Peygamber Efendimiz sallallâhü aleyhi ve sellem buyurdular:
“Kul, Kur’ân-ı Kerîm’i okuyup hatmettiği zaman, altmış bin melek ona istiğfar eder.”
(Hadîs-i Şerîf, Kenzü’l-Ummâl)



28
Haziran Salı 2016

AYIN SAFHASI


Rûmî: 15 Haziran 1432 Hicrî: 23 Ramazan 1437

Kara Kuvvetleri'nin Kuruluşu (1363) • Sokullu Mehmed Paşa'nın Sadrazam Olması (1565)


Zikir, gafletten kurtulmak demektir

İmâm-ı Rabbânî Hazretleri buyurdular:

“Ey oğul! Fırsat ganîmettir. Sıhhat ve boş vakit ganîmet bilinmelidir. Öyleyse vakitleri devamlı olarak Allâhü Teâlâ’yı zikretmeye ayırmak lâzımdır.

Dînin emirlerine uygun olarak yapılan bütün ameller, -alış veriş de olsa- zikirden sayılır. Her hâl ve hareketlerde dînin hükümlerine (emir ve yasaklarına) son derece riâyet etmek lâzımdır ki bütün ameller zikir sayılsın.

Zikir, gafletten kurtulmak demektir. Bütün işlerde dinin emir ve yasaklarına riâyet edildiği zaman âmir (ibâdetleri emreden) ve nâhî (haramları yasaklayan) Allâhü Teâlâ’dan gâfil olmaktan kurtulmak müyesser olur. Böylece Allâhü Teâlâ’yı devamlı zikir de elde edilmiş olur.
(Mektûbât-ı İmâm-ı Rabbânî, 2/m. 25)


İLMİHAL: Namaza Dâir Bazı Tâbirler

Salât: Namaz demektir. Bu mübârek ibâdet, rükünlerden ve zikirden ibârettir. Namaz kılana da “Musallî” denir.

Tekbir: “Allâhü ekber” demektir.

Kıyam: Ayakta durmaktır.

Kırâat: Kur’ân-ı Kerîm’den bir miktar okumaktır.

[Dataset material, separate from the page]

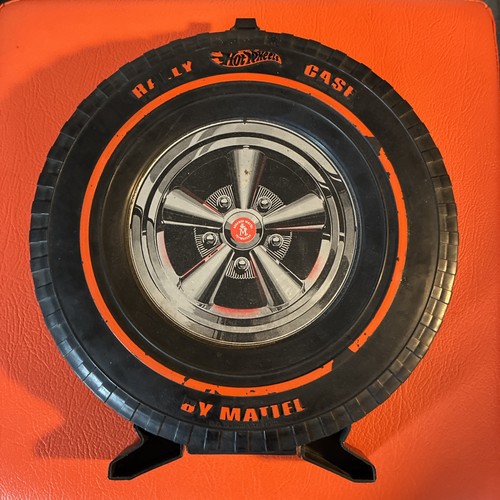 Hot wheels 1960 - 1960’s, super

Rükû: Namazda kırâatten sonra eğilerek baş ile sırt bir hizâda, düz olmaktır.

Kavme: Rukûdan kıyâma kalkıp bir kere “Sübhâne Rabbiye’l-âzîm” diyecek kadar durmaktır.

Secde: Namaz kılarken eğilerek yüzün bir miktarını Hak Teâlâ’ya tâzîm için yere koymaktır.

Celse: İki secde arasında bir defa “Sübhâne Rabbiye’l-âzîm” denilecek kadar oturmaktır.

Ka’de: Namazda teşehhüt için, yani “Ettehiyyâtü lillâhi” yi okumak için oturmaktır. Bir namazda iki def’a oturulursa birincisine “Kâde-i ûlâ - ilk oturuş” ikincisine de “kâde-i ahîre - son oturuş” denir.

Rek’at: Bir namazda kıyam, rükû ve iki secdenin tamamı bir rek’attır. Bir namazda iki, üç veya dört defa kıyam ile rükû ve secde bulunursa o namaz iki, üç veya dört rek’atlı olmuş olur.


Çevrimdışı Mücteba

  • Moderatör
  • popüler yazar
  • *****
  • İleti: 9211
  • "En büyük keramet, istikâmet üzere olmaktır..."
Namazda Salli-Bârik Okumanın Hikmeti
« Yanıtla #2031 : 29 Haziran 2016, 16:31:03 »
"Euuzü billâahi mineşşeytaanir raciym Bismillâahi'r- rahmâani'r - rahıym"

قَالَ رَسُولُ اللهِ صَلَّى اللهُ عَلَيْهِ وَسَلَّمَ: بَاكِرُوا بِالصَّدَقَةِ فَاِنَّ الْبَلَاءَ لَايَتَخَطَّى الصَّدَقَةَ
(هق)


Peygamber Efendimiz sallallâhü aleyhi ve sellem buyurdular:
“Sadaka vermekte acele ediniz. Çünkü belâ, sadakayı geçemez.”
(Hadîs-i Şerîf, Beyhakî, Sünen-i Kübrâ)



29
Haziran Çarşamba 2016

AYIN SAFHASI


Rûmî: 16 Haziran 1432 Hicrî: 24 Ramazan 1437

Silistre Zaferi (1773)


Namazda Salli-Bârik Okumanın Hikmeti

Peygamber Efendimiz hakkında “Allahümme salli alâ seyyidinâ Muhammedin ve alâ âli seyyidinâ Muhammed” veya buna benzeyen bir tarzda yapılan duâlara “Salevât” denir. Bu salât ve selâmdan maksat ise Resûl-i Ekrem Efendimiz’in (s.a.v.) dünyâda da, âhirette de her türlü tâzîmâta nâil olmasını istemekten ve bu vesîle ile kendisine olan bağlılığımızı, hürmetlerimizi göstermekten ibârettir.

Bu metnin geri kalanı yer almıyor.